PEP 259: Revise to remove context-driven magic from print
Robin Thomas
robin900 at yahoo.com
Wed Jun 13 18:06:23 EDT 2001
Feedback, please. If you all are positive about the proposal below,
I'll work it up into a new PEP.
Summary:
PEP 259 should be reworked to remove contextual magic from print
statement, which was the main demand made by the Python community when
*rejecting* the PEP. Then it could be resurrected from rejection.
Opinions:
0) We don't need another built-in function that echoes what print
does. Please.
1) We can't get rid of "print". It is a very common idiom in many
languages.
2) Python coders learn to avoid print because a print statement's
behavior changes with a run-time context that the coder cannot
necessarily control. To rehabilitate print, remove the context magic.
3) Whenever I have a string of bytes that I wish to write to
sys.stdout, without any formatting magic such as space characters or
newlines, I cannot use the print statement, because it offers me no
way to "turn off" all the formatting magic. Thus I am required to
absorb the conceptual overhead of the sys module, sys.stdout and
"standard output", file objects, and the write() method, just so that
I can avoid having Python prepend a space character to my output in
certain cases. For a novice Python coder, that sucks.

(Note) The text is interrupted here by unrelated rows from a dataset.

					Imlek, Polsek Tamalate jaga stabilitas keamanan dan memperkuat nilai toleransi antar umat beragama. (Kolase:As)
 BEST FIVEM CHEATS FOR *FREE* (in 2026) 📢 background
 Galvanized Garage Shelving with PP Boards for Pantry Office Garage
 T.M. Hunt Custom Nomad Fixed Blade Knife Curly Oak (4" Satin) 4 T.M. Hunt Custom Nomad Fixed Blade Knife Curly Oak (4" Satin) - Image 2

4) "softspace" has always seemed to me quite a lame thing to be part
of the official file object API. What should file objects care about
some cheesy report-printing operation like "print"?
5) The "am i at the start of a line context" only helps me when I want
print 1,2,
print 3,4,
print 5
to be equivalent to
print 1,2,3,4,5
...and I have never exploited that feature of Python print, even in
lazy report scripting, the application for which the feature seems to
be intended.
6) print-users and write-users operate at two different conceptual
levels. print is a novice feature, for coders who may not yet know of
sys, let alone "stdout" or even the concept of standard output. print
is also a pretty formatting feature, so that the coder does not have
to understand string concatenation, string format strings, string
conversion, or even the newline escape sequence. Thus I think that it
is OK for print and write() to have feature overlap, without violating
the Pythonic principle of "there should be only one way to do it".
Proposed "new" PEP 259
---------------------------------
1) softspace attribute of file objects now ignored by print statement
(and rest of Python core, if applicable). print statement no longer
cares about "am i at the start of a line" context. Instead, the print
statement writes the same bytes every time to the file object. If the
file object wants to play softspace-style games, it can track its own
context. Thus any write operation to the file object affects softspace
context if the file object wishes to implement softspace context.
However, Python core no longer cares about the softspace attribute,
and no longer bothers to read it nor call softspace API functions.
"softspace behavior" then becomes like any other encapsulated behavior
of a stream writer, such as zlib compression or similar. If the file
object wants to do that, fine, but callers to write() such as print
are appropriately ignorant of it.
2) When commas separate expressions as in "print 'a','b','c'", the
print statement writes a single space character " " for each comma.
3) Just to repeat from 1): softspace has no effect any longer. print
will never print a leading space character for any statement "print
foo".
3) If the print statement ends in a trailing comma as in "print
'a','b','c',", the trailing comma means "do not print either a final
space character or a final newline character": "print 'a','b','c',"
prints "a b c". And "print 'a',; print 'b'" prints "ab\n", not "a
b\n".
4) If the print statement does not end in a trailing comma as in
"print a,b,c", the print statement will print a single newline
character after printing the result of all expressions: "print a,b,c"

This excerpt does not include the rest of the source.